→ **Available data**
════
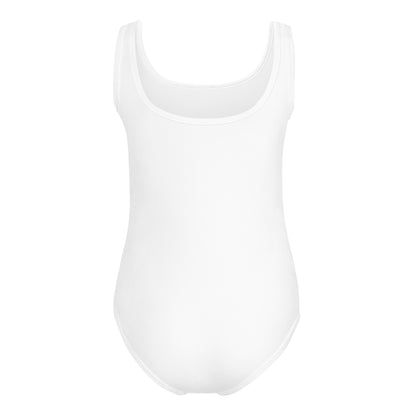 CS0047 - 03008 - AOP Love Skiing/Women's Kids Swimsuit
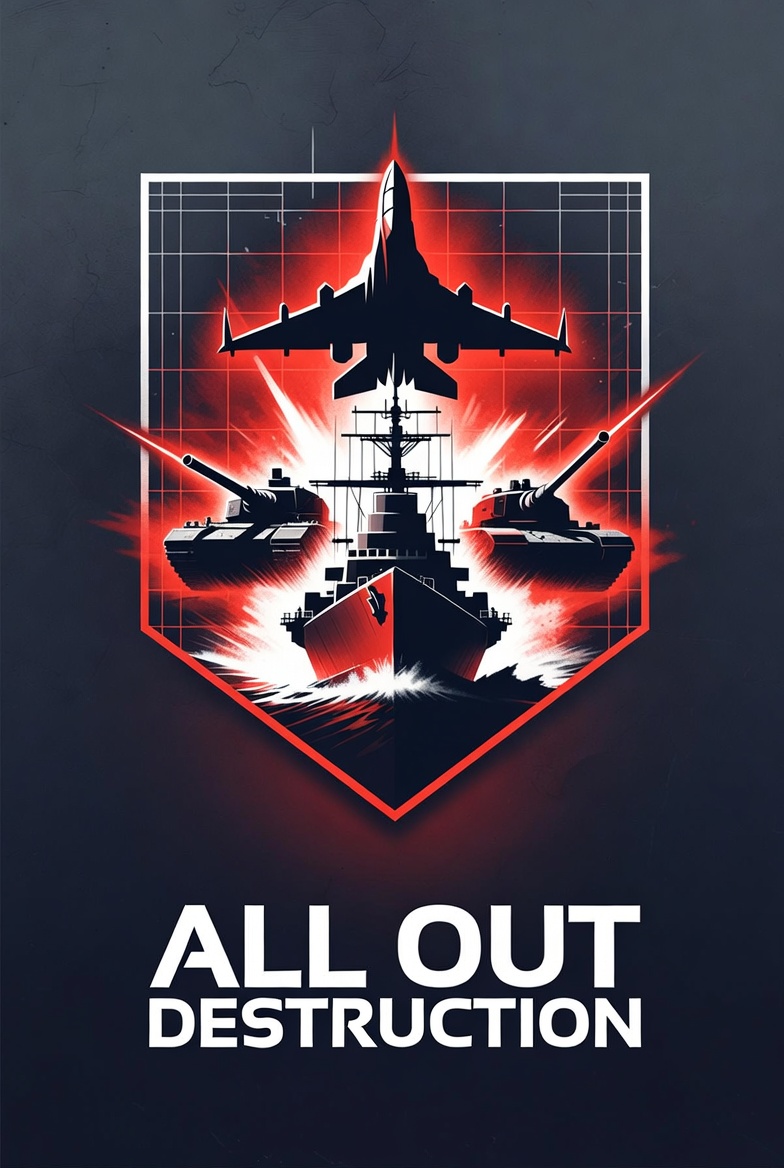 All Out Destruction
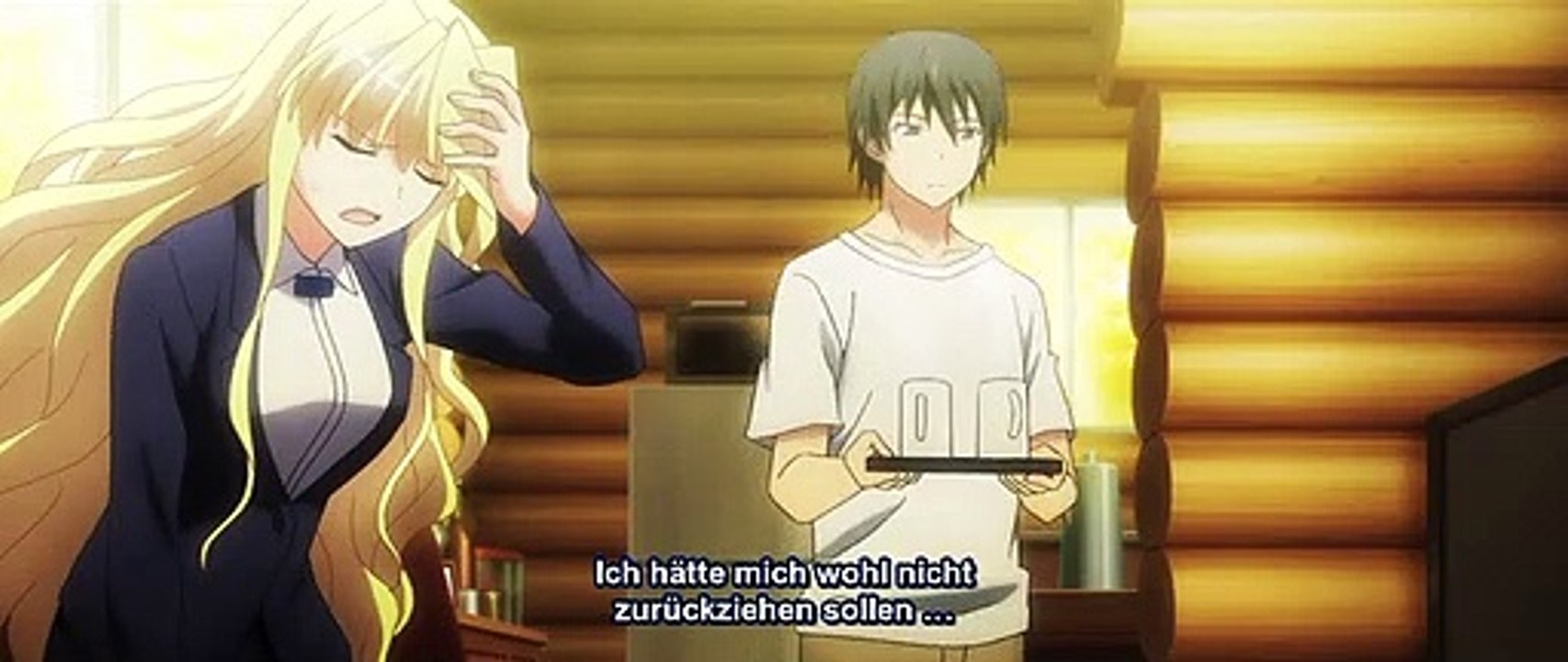 Grisaia no Kajitsu Staffel 2 Folge 2 HD Deutsch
════
→ **Task goal**
The expected output is the run of lines from the one containing "All Out Destruction" to the last line of the listing above, both included, word for word and free of pictures.

→ **Response area**
 All Out Destruction
 Grisaia no Kajitsu Staffel 2 Folge 2 HD Deutsch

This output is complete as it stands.